**Task details**
All the lines below need to be transcribed exactly. Pictures get left out.
╭─ Information shown
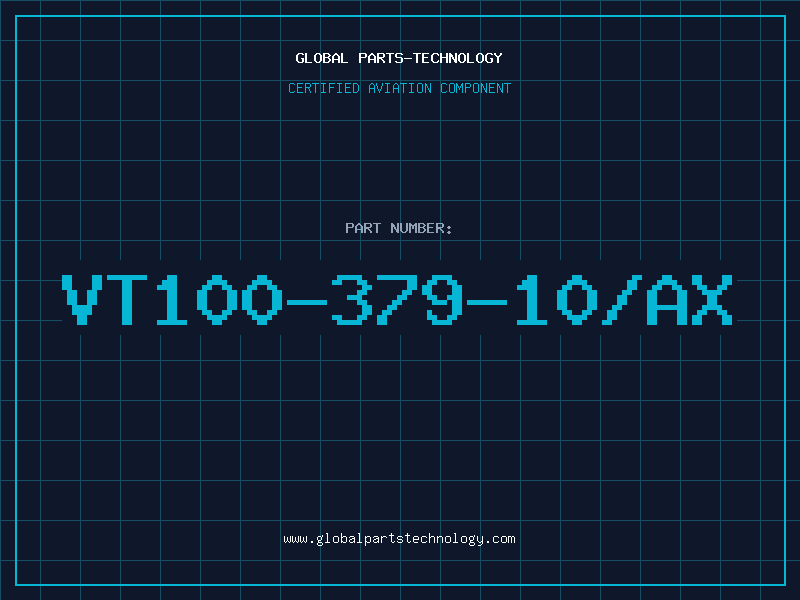 Aviation Part VT100-379-10/AX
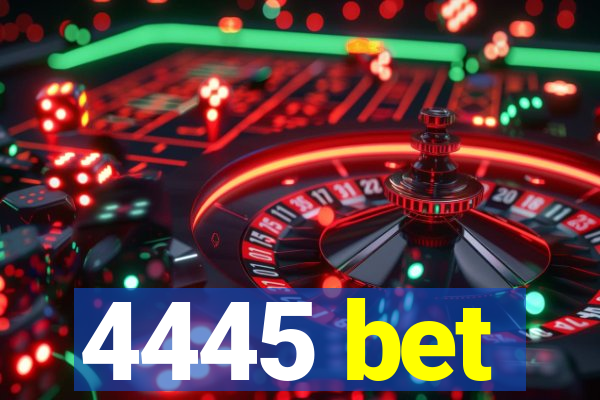 4445 bet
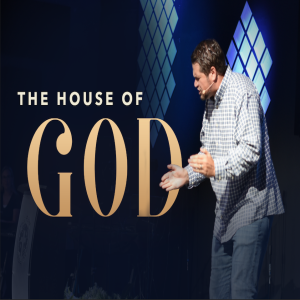 The House of God - 10/06/19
╰─
**Task result**
 Aviation Part VT100-379-10/AX
 4445 bet
 The House of God - 10/06/19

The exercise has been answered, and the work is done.